Sustainable networking

Truly open, social organisations participate in a paradigm shift.

In Sustainability by Design, John Ehrenfield argues that creating a more sustainable, flourishing world requires a mind shift from having to being - from hyperindividualistic consumerism towards authentic, caring relationships as the defining characteristic of "who I am".

This provides an interesting lens on social networking and the different modes of engagement organizations can pursue.

To have or to be, that is the question

In the traditional having mode, organizations "have" customers and use social networks to reach out to those customers. In this mind set, social is just a new channel to be used for broadcasting commercial messages. Conveniently, this allows traditional measures to be used for the effectiveness of social marketing, like reach across target demographics. Even more conveniently, this active/passive model of engagement presupposes that the (active) organization is in control of the relationship with the (passive) public.

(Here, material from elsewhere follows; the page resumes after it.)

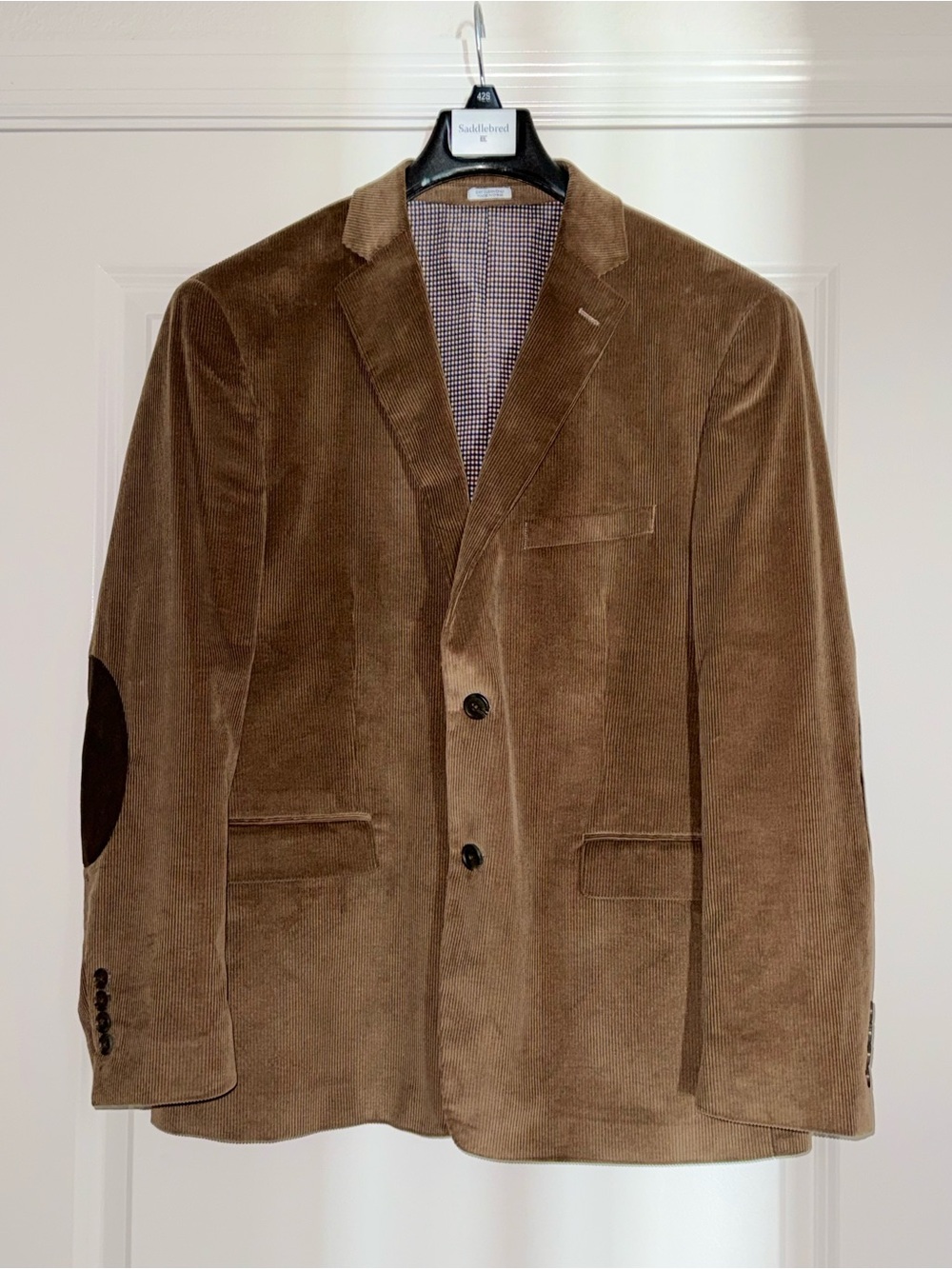 Saddlebred Heritage Corduroy Mens 42S Dark Elbow Patches Brown Sport Jacket Blaz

Of course, this is not a sustainable model of engagement anymore. True engagement means there's a two-way conversation. Having a two-way engagement with their customers requires that organizations listen to their customers, and adapt. Only organizations that listen and respond to their customers will be able to sustain long-term engagement.

Organizations adopting this being mode pursue conversations as a co-creative effort where meaning and value are created as a joint effort between the organization as a hub and its wider network of client and supplier relationships. Strategy in this mind set is not something that is set by the Board, but instead becomes an ongoing adaptation process involving all layers of the organizational eco-system.

Networked engagement as a core competence

This elevates social networking from a mere marketing/sales channel in the having mode, to a strategic engagement in the being mode. Consequently, performance measures should be redefined away from instrumental objectives, and instead focus on learning, innovation and co-creation as key metrics in evaluating social networking effectiveness.

If you're interested in exploring the philosphical foundations of this reasoning, you might want to look into the work of Fromm, Heidegger or Maturana - especially the latter's autopoiesis concept is relevant for the way we evolve or sense of self as persons and organizations in the age of networking.